Factors associated with OS in the univariable analysis are shown in supplemental Table 1. In the multivariable analysis, 7 independent factors significantly predicted reduced OS: older patient age, HLA-mismatched donor type, lower Karnofsky performance status (KPS), higher HCT-specific comorbidity index (HCT-CI), JAK2/triple-negative genotype, graft from a female donor to a male patient, and graft from a donor who is cytomegalovirus (CMV) positive to a recipient who is CMV negative (Table 2). Based on the HRs, a score of 2 was assigned to patient age of ≥60 years and the JAK2/triple-negative genotype; and a score of 1 to patient age of 50 to 59 years, haploidentical or mismatched unrelated donors, KPS of <90, and HCT-CI of ≥3. Because the HRs for sex match and CMV serostatus were only modestly increased, no score was assigned to these factors. The total score ranged from 0 to 7 points, with 4 risk categories: low risk (0-1 points), intermediate-1 risk (2-3 points), intermediate-2 risk (4-5 points), and high risk (6-7 points).

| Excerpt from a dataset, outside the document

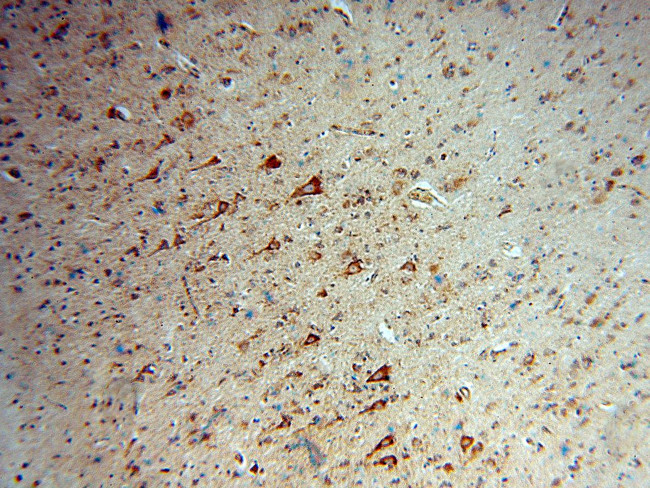 DAAM1 Antibody in Immunohistochemistry (Paraffin) (IHC (P))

The corresponding 5-year OS of each category in the training and test set were 82% (95% CI, 74-90) and 65% (95% CI, 41-89) for low risk (6% of the cohort); 62% (95% CI, 58-66) and 65% (IC 95%, 57-73) for intermediate-1 (36% of the cohort); 52% (95% CI, 48-56) and 47% (95% CI, 40-54) for intermediate-2 (48% of the cohort); and 39% (95% CI, 30-47) and 30% (95% CI, 13-47) for high risk (10% of the cohort), respectively (Figure 1A-B).

A RSF model was created to predict OS using the 52 initial variables of the data set. This model achieved a C-index of 0.603 in the training set and 0.632 in the test set. The variable-importance metrics for the model in the training set are shown in supplemental Figure 2. After dimensionality reduction, the model was refined to a smaller set of key prognostic variables: patient age, HCT-CI, KPS, blood blasts percentage, hemoglobin level, leukocyte and platelet counts, donor type, conditioning intensity, and graft-versus-host disease (GVHD) prophylaxis. This model achieved a C-index of 0.599 in the training set and 0.623 in the test set. Despite having performed hyperparameter tuning, no improvement in C-index was achieved (supplemental Table 2). To further elucidate these relationships, we have also included partial dependence plots in supplemental Figure 3.

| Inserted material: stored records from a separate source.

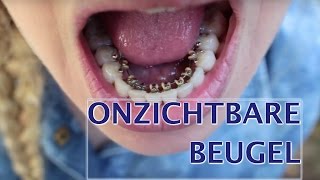 Onzichtbare beugel strakker zetten  FURROWNL [upl. by Queena660]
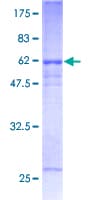 Human IFNGR2 Protein (Recombinant GST)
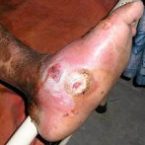 CHARCOT FOOT , DIABETIC FOOT ULCER , DIABETIC FOOT TREATMENT , GANGRENE , Wound care , wound healing , foot care , diabetes foot care , diabetes care , foot ulcer,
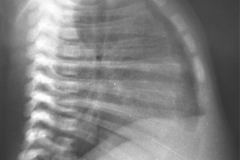 quistes-mediastinales-tac-gamagrafia-perfusion-ventilacion-1995-014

As shown in supplemental Table 3, RSF achieved higher concordance indices for OS and NRM predictions in both training and test sets compared with 3 alternative methods (ORSF, DeepSurv, and XGBoost). The consistent and superior performance of RSF across both data partitions justified its selection as the primary approach for downstream analyses.

This analysis was performed on the subset of patients who had complete information on the variables included in the Cox-derived score to minimize biases (training set: n = 1773; test set: n = 566). In mortality prediction, the ML model demonstrated modestly better performance in the training set, achieving a C-index of 0.603 compared with the Cox-derived score of 0.594. The test set results confirmed the better discriminative capacity of the ML model, with a score of 0.612, surpassing the Cox-derived score C-index of 0.587 (Table 3). These findings were corroborated by the AIC scores, with the ML model showing lower values than the Cox-derived score in the test set, indicating a better overall model fit (Table 3).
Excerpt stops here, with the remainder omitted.